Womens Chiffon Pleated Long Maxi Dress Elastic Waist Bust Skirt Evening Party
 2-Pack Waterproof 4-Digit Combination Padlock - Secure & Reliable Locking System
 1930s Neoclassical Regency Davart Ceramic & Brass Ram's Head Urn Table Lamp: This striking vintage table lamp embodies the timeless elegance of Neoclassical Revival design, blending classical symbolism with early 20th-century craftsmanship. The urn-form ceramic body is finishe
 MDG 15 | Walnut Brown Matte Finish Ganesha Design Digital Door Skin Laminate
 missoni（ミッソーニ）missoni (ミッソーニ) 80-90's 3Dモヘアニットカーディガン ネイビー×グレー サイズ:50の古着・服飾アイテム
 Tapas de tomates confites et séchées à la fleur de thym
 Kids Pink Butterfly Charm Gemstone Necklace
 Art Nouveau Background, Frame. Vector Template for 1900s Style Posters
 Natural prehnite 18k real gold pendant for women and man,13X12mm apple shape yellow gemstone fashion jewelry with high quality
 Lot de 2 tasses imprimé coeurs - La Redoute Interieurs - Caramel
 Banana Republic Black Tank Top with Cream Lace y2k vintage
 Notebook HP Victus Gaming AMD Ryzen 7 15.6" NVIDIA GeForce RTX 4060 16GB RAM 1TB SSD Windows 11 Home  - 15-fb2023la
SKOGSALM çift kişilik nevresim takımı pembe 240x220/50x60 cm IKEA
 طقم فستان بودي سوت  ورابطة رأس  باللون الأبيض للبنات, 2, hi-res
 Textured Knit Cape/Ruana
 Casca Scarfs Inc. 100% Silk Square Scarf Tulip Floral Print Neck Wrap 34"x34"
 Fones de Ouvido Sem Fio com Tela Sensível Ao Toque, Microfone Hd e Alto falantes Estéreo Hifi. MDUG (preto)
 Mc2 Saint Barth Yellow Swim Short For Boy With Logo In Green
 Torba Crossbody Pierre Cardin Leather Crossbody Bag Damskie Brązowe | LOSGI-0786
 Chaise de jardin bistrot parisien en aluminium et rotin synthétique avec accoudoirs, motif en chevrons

● ● ● ●

▶ _Task instructions_:
From the first line of the listing above through the line that contains "2-Pack Waterproof 4-Digit", set down each line without alteration, and nothing else.

▶ _Expected answer_:
Womens Chiffon Pleated Long Maxi Dress Elastic Waist Bust Skirt Evening Party
 2-Pack Waterproof 4-Digit Combination Padlock - Secure & Reliable Locking System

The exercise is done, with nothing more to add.